General Overview on Waltz’s Ideas
Waltz, who can be defined as defensive neorealist, suggests that the primary purpose of states is not to gain strength but to preserve their existence in an anarchical international system. He stresses that the international system rewards states that do not want to dominate the states, but rather protect the status quo. Each state can maintain its position in the system with a status quoist approach and at the end of this process it can ensure its security because of the balance of power in the international system. The balance of power model serves as the regulatory mechanism of the international system, and the security of the international system goes hand in hand with the security of states. (Waltz, 1979, p. 41)
When it comes to nuclear world, Waltz argues that in the case of minor conflict or escalation, nuclear weapons force parties to become more cautious concerning the possibility of deepening of the dispute. Both sides refrain from threatening their adversaries’ vital interest comprehending that even small number of weapons may give rise to catastrophic consequences. There is no point of applying nuclear weapons with offensive purposes, if states know that military and financial centres can be easily bombed as a result of the second-strike attack. (Waltz, 1981, p.19) States would not want to face such a danger for benefits that are very low compared to the cost of war. While the states with the option of preventive or pre-emptive war may have the advantage of first strike as the states of traditional war times, the second strike from other side may cause great damages. Deciders of state that behave rationally would not risk even preventive strike against antagonist who develop nuclear weapons because the probability of being sure that adversary do not have yet ready-to-use weapons is highly low. (Waltz, 1981, p.7) However, it seems that two of the most important human senses are being ignored; fear and panic. Waltz’s thoughts are based on the fear that states do not take the risk of huge damage in return for limited benefits. But, the other side of the coin is that fear, in a moment of panic, may force states to take action irrationally. What if irrational rulers with nuclear weapons see no possibility for their own survive on the threshold of nuclear war? Even if, it can be contended that spread of nuclear weapons may reduce the possibility of full-scale war given the territory between regional adversaries, it is likely to increase aggression of the nuclear power, in particular, states ruled by dictator such as North Korea in which one man has no responsibility to any organizations and law regarding his actions.

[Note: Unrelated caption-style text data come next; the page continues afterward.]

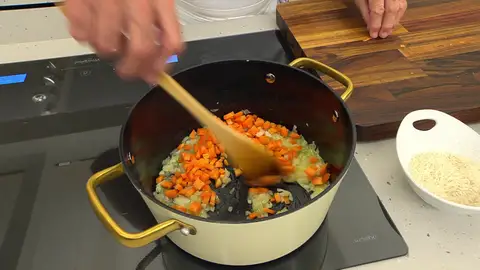 Pela y pica la cebolleta y el ajo e introdúcelos en la cazuela Pela y pica la cebolleta y el ajo e introdúcelos en la cazuela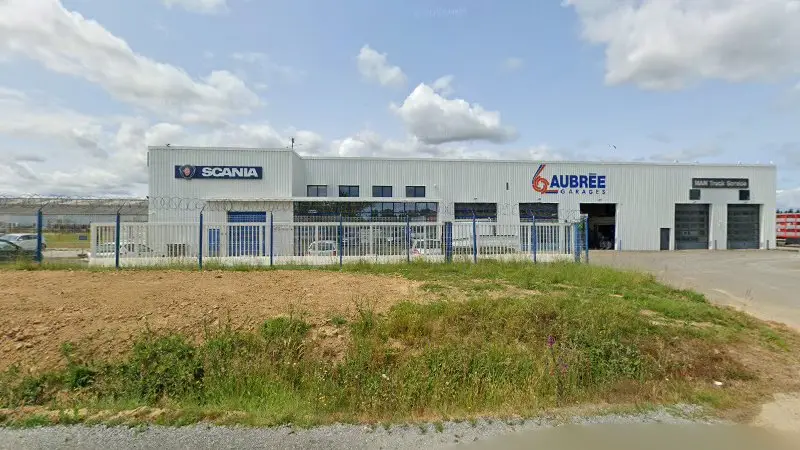 Vue de la rue devant Point S Industriel - Javené (Breizh Tyres), Javené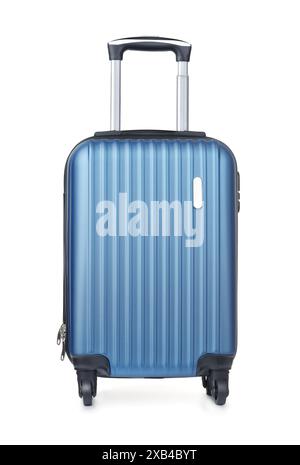 Vue avant de la valise de spinner en plastique bleu isolée sur blanc Banque D'Images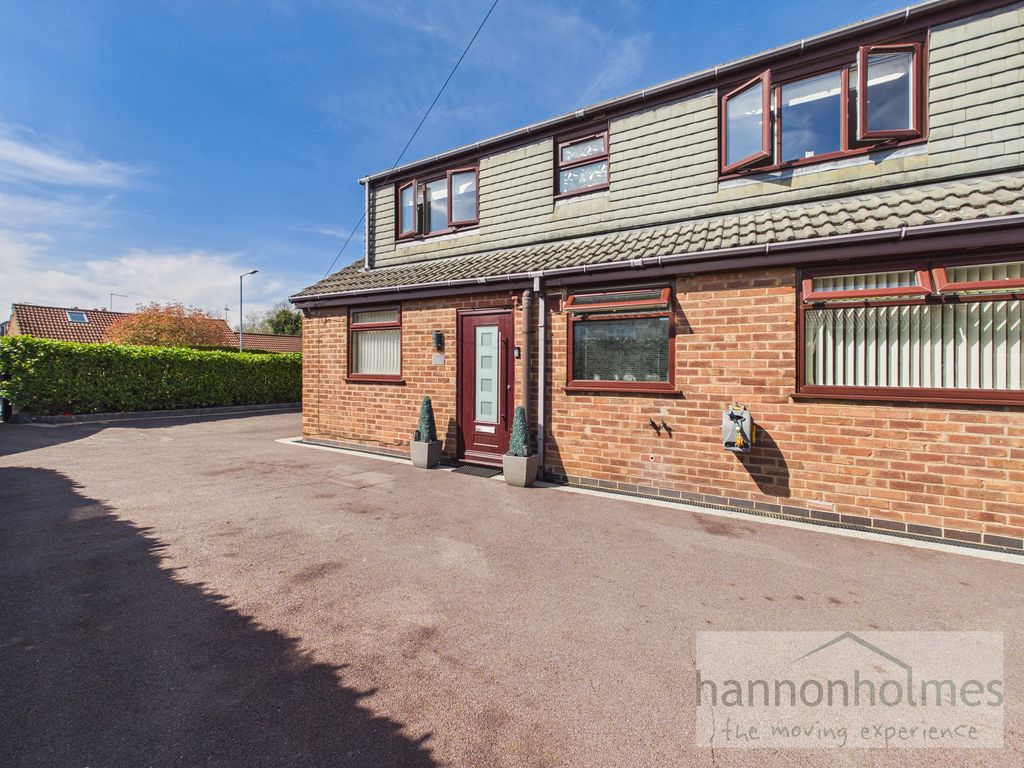 Property photo 2 of 36 Cam05283G0-Pr0172-Still001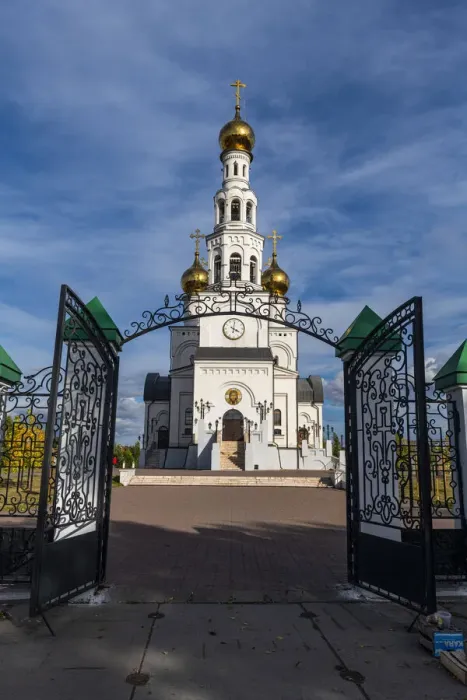 Framed Print : Abakan Cathedral of the Transfiguration, Abakan, Republic of Khakassia, Russia, Eurasia Framed Print : Abakan Cathedral of the Transfiguration, Abakan, Republic of Khakassia, Russia, Eurasia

Pessimists state that nuclear powers did not apply their weapons whatever the reason. On the other hand after the cold war, some regions in the world that have tension arising from religious or ethnic reasons may engender the use of nuclear weapons. First of all, in 1999, Kargil War indicates that nuclear powers can start conventional war against each other. (Sagan, Waltz, 2003, p.96) Furthermore, no one can guarantee that if Slobodan Milosevic, who was the President of the Republic of Serbia during the Bosnian War, had possessed, he would not have applied nuclear weapon option. Long established religious or ethnic disputes and geographic proximity between opponents can create more dangerous situations than the Cold War.

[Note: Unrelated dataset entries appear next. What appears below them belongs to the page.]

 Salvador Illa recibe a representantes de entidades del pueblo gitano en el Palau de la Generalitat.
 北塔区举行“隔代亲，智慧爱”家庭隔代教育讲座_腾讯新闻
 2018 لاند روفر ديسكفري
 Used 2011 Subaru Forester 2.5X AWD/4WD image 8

When it comes to states suffering political crisis or civil war, Waltz remarks that ”Nuclear weapons induce caution, especially in weak states.” (Waltz, 1981, p.14) While scud missiles that can hold nuclear warhead have been used during Syrian and Libyan Civil War, it appears that probability of nuclear strike during civil war is being ignored by Waltz. Even more importantly, civil wars create convenient environment for the accidental use of nuclear weapons.
Nuclear Accidents
The other debate, between optimist and pessimist, has stemmed from the probability of nuclear accidents. Waltz argues that nuclear states are more careful concerning their nuclear ammunition owing to risk of accident and anonymous use in both crisis and peace time. (Waltz, 1995, p,9) On the other hand, for a couple of reasons, possibility of accidental war should not be overlooked. First of all, nuclear weapons can be fired as a result of the false warnings during the war. For example, Pakistan or India, that have a geographic proximity, may only have a limited time to decide whether they must retaliate in response to wrongly perceived nuclear attack launched from their enemies.
Second, Inadequate nuclear projects in terms of security increase the likelihood of nuclear accident in states suffering financial matters. It seems that Waltz underemphasises this probability: ”Although some of the new nuclear states may be economically and technically backward, they will either have expert scientists and engineers or they will not be able to produce nuclear weapons.” (Waltz, 1995, p.9) However, states such as North Korea possessing nuclear weapons or Iran that will be able to develop nuclear weapons may ignore the necessities related to safety procedures due to lack of finance and time limit. Because of their threat perception, new proliferators may give more importance to having nuclear weapons as soon as possible than security measures.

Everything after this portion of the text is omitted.